The appeal of passive income means that people come up with all sorts of wacky ideas to try and generate it. I prefer a simple, conventional one: investing in dividend shares. By buying shares in some large, successful companies, I hope to share in their good fortune when they pay dividends.
That can work on a small or large scale. Here is how I would use this approach to target £10,000 a year in passive income, for example.
Setting a target
£10,000 a year is a sizeable chunk of passive income. So it will take quite a bit of capital to generate. If I can invest in shares with a 5% yield – that means the dividend amounts to 5% of the current purchase price – I would need to invest £200,000. That is a lot of money, although it would hopefully set me up with an annual £10,000 passive income stream.
An alternative would be to start with a smaller sum and contribute regularly. That would take me more time to hit my annual income target of £10,000. But it would allow me to work up to it gradually with whatever money I could afford.

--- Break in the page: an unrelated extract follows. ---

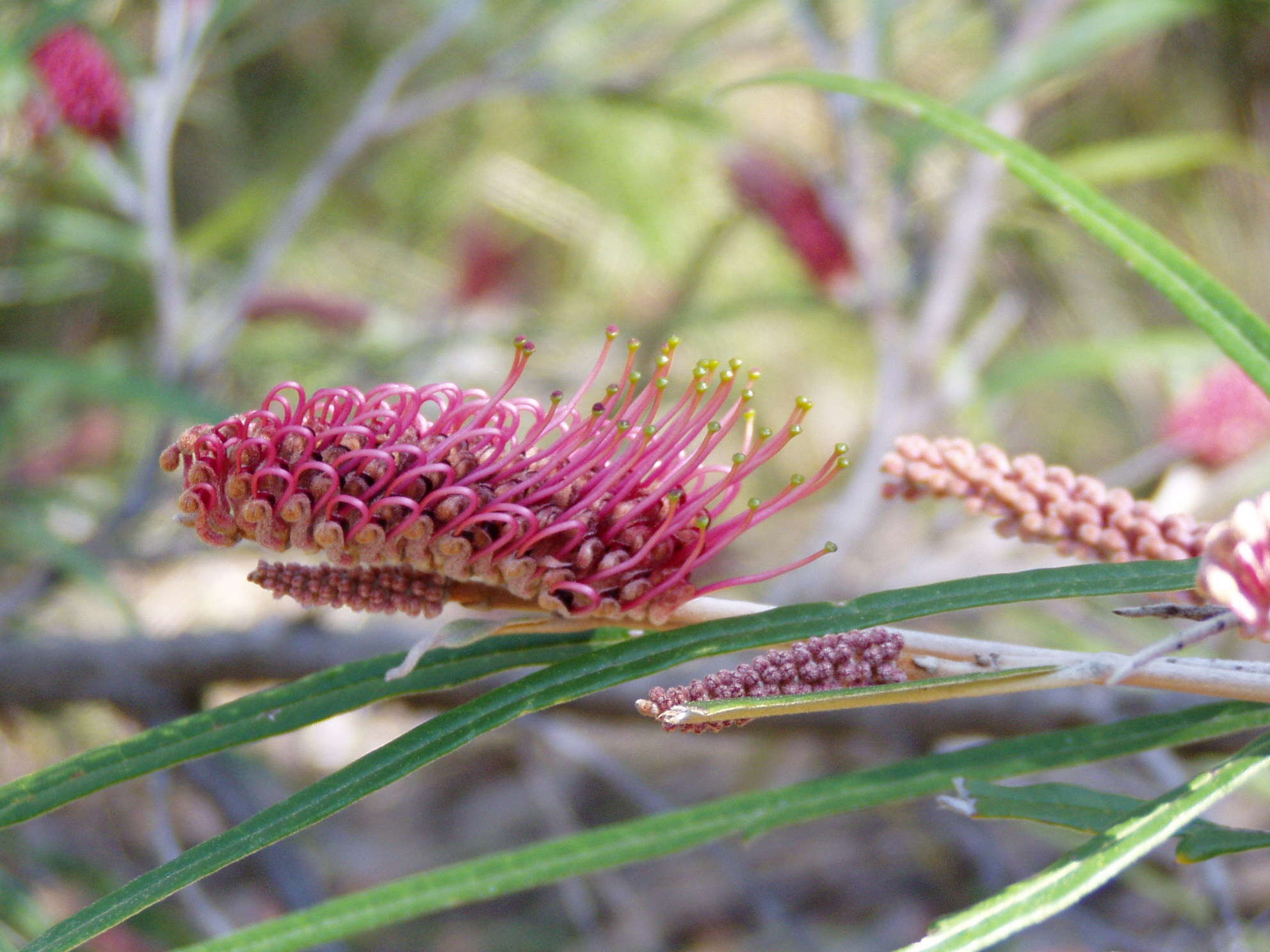 Image of Silky-oak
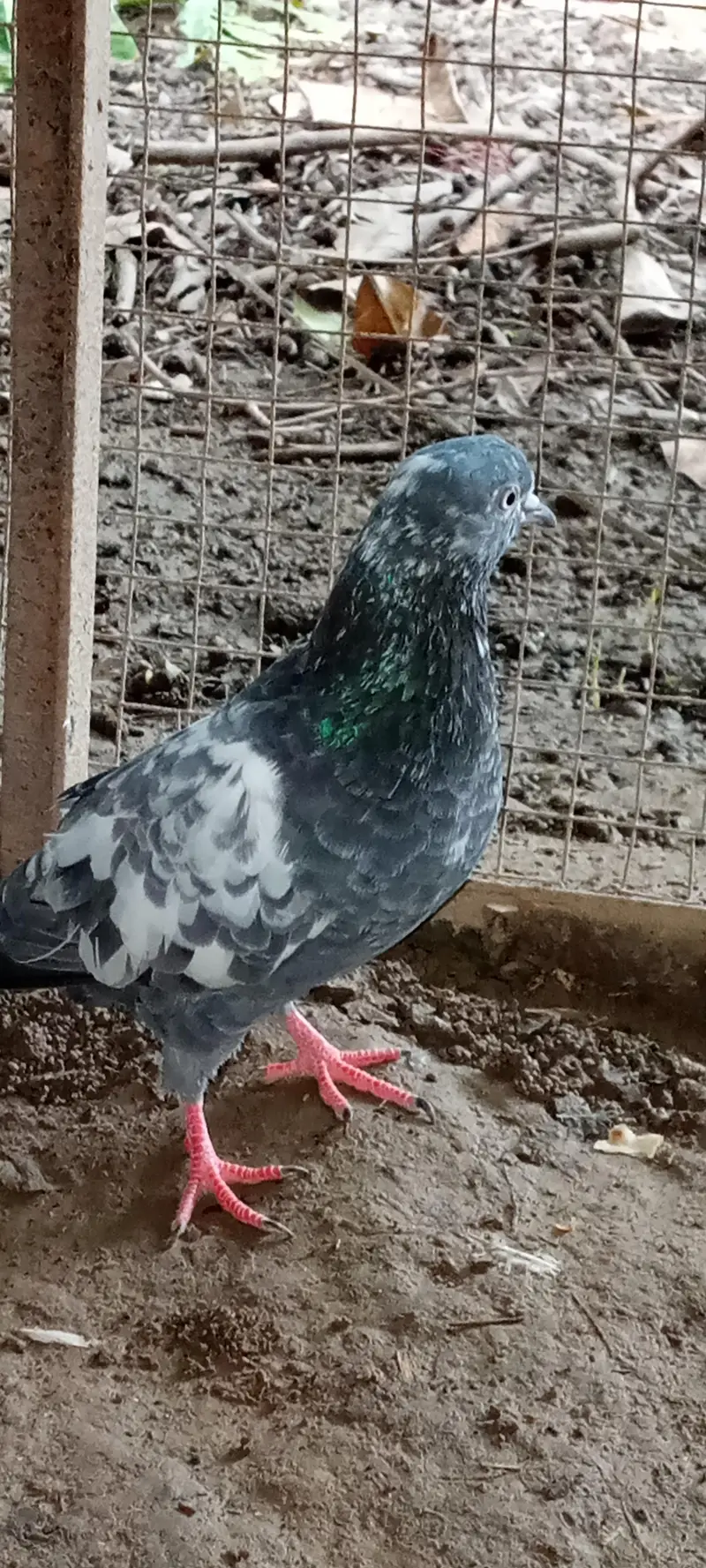 pigeon for sale full active and healthy contact number= 03245974166 — photo 2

Finding the right dividend shares for me
One temptation I would avoid is investing in higher-yielding dividend shares purely so I could aim for the same target with less capital.
Higher yields on shares often indicate higher risks. For example, at the moment mining firms Rio Tinto, Evraz, and Ferrexpo all have yields of 8% or more. In fact, after a plunge in its share price today, Evraz yields an incredible 23%! But clearly there are risks in mining, with some commodity prices near record highs. Mining is a cyclical market, so in future, prices are likely to fall again and so are dividends.
But if I do not just hunt for high yields, how do I select shares for my portfolio? Basically a dividend is a way for a company to distribute free cash flows its business has generated to shareholders. So, I look for companies with sustainable competitive advantages I think it can use to generate substantial cash flows to support future dividends. If shares offer high yields that could be good for my passive income streams – but I do not look just for high yields.
Investing for passive income
Once I have found such shares, I would buy them for my portfolio. To reduce my risk, I would diversify across different companies and business areas. For example, I like both Imperial Brands and British American Tobacco as passive income ideas for my portfolio. But both are tobacco companies, so face similar risks such as declining revenues as people stop smoking.
If I was investing £200,000 across 20 shares I might find owning two tobacco shares to be within my risk tolerance. But if I was only buying shares in five or six different companies, for example, I would not want to concentrate my risk that much.
Having identified the diversified set of shares I want, I would buy them then sit back and wait hoping for my passive income to start piling up. It really is that simple!